Une lame de fond réactionnaire et autoritaire qui tente d’engloutir [...] toute théorie sociale critique.
Éléonore Lépinard et Sarah Mazouz
Convaincu de la pertinence de ses analyses, le chef de l’État s’est ensuite répété dans les colonnes du magazine Elle. « Je vois la société se racialiser progressivement. On s’était affranchis de cette approche et voilà que l’on réessentialise les gens par la race, et ce faisant on les assigne totalement à résidence », a-t-il affirmé, avant d’ajouter : « L’illégitimité de quelqu’un qui est autre que moi à me représenter, moi et ma sous-catégorie, que l’on peut décomposer en autant de sous-genres, c’est la négation de quelque chose d’universel dans l’aventure républicaine, nationale et humaine. »

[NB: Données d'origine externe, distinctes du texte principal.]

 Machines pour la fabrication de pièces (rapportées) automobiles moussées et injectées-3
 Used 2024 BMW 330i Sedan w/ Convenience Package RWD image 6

Fort de sa légitimité, celle qui confère à un homme blanc de 43 ans, occupant la plus haute fonction de la République, la liberté d’avoir un avis sur tout, Emmanuel Macron en a profité pour corriger les propos de la réalisatrice Amandine Gay sur les difficultés d’être femme et noire. « Je pourrais vous présenter des jeunes hommes blancs qui s’appellent Kévin, habitent Amiens ou Saint-Quentin, et qui ont aussi d’immenses difficultés, pour des raisons différentes, à trouver un job », a-t-il dit, comme si la dimension sociale était exclue du champ intersectionnel.
En expliquant que « les difficultés sociales ne sont pas uniquement structurées par le genre et par la couleur de peau, mais aussi par l’inégalité sociale », le président de la République n’invente rien de nouveau. Surtout, il reprend mot pour mot les arguments de Caroline Fourest et autres universalistes autoproclamé·e·s, déjà digérés de longue date par certains ministres de son gouvernement, qui aiment à manipuler des concepts qu’ils mélangent et maîtrisent mal. Après l’assassinat terroriste de Samuel Paty, Jean-Michel Blanquer avait ainsi fustigé « une matrice intellectuelle venue des universités américaines et des thèses intersectionnelles ».

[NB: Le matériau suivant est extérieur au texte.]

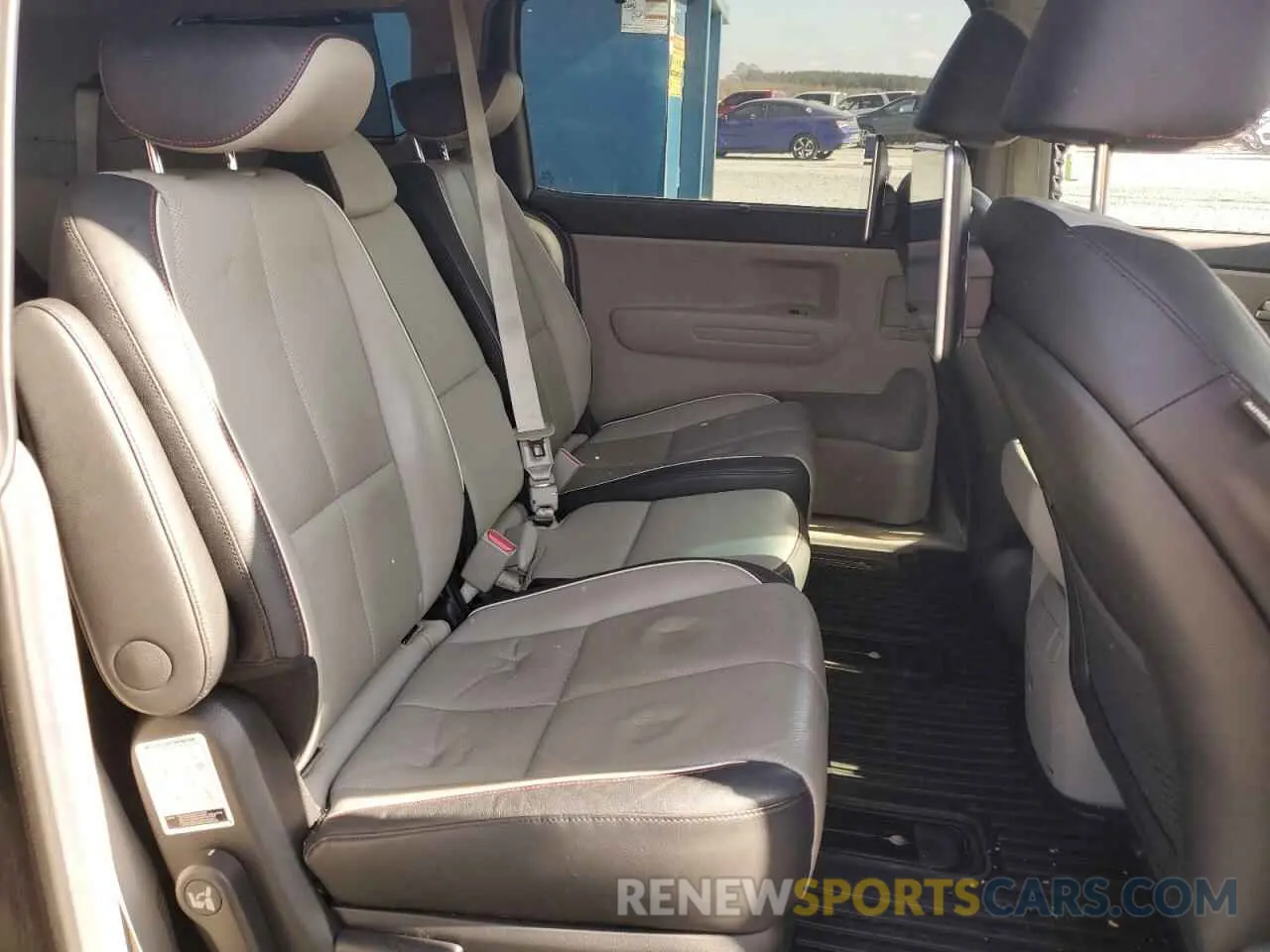 11 Photograph of a damaged car KNDMB5C16K6541258 KIA All Models 2019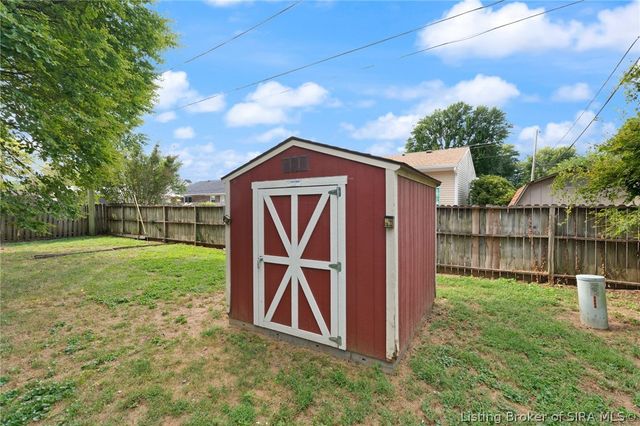 409 Huston Drive, Jeffersonville, IN 47130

À la lecture de ces mots, on ne peut s’empêcher de penser au court essai des chercheuses Éléonore Lépinard et Sarah Mazouz, Pour l’intersectionnalité (Anamosa, 2021). « Les contresens grossiers, les interprétations mal intentionnées et l’ignorance patente dont ces travaux font l’objet actuellement relèvent d’une lame de fond réactionnaire et autoritaire qui tente d’engloutir, avec l’intersectionnalité, les travaux critiques de la race, les recherches postcoloniales, la démarche décoloniale, les études de genre et, au-delà toute théorie sociale critique », écrivent les deux sociologues, l’une spécialiste des questions de genre à Lausanne, l’autre chargée de recherches au CNRS (voir l’entretien vidéo de Sarah Mazouz).
Sarah Mazouz est précisément l’une des deux chercheuses ciblées ces derniers jours après l’organisation d’une conférence à Sciences-Po Paris, dans laquelle Mathilde Cohen, elle aussi chercheuse au CNRS et maîtresse de conférences à l’université du Connecticut, a évoqué la « blanchité » à travers le prisme de l’alimentation. Que le sujet suscite des réactions contrastées, là n’est pas le problème. Qu’il déclenche en revanche une vague de cyberharcèlement en est un. Les femmes le savent bien, elles qui en sont les premières victimes. Elles s’appellent Mila, Alice Coffin ou Rokhaya Diallo. Et quoi qu’elles pensent, cela ne va jamais.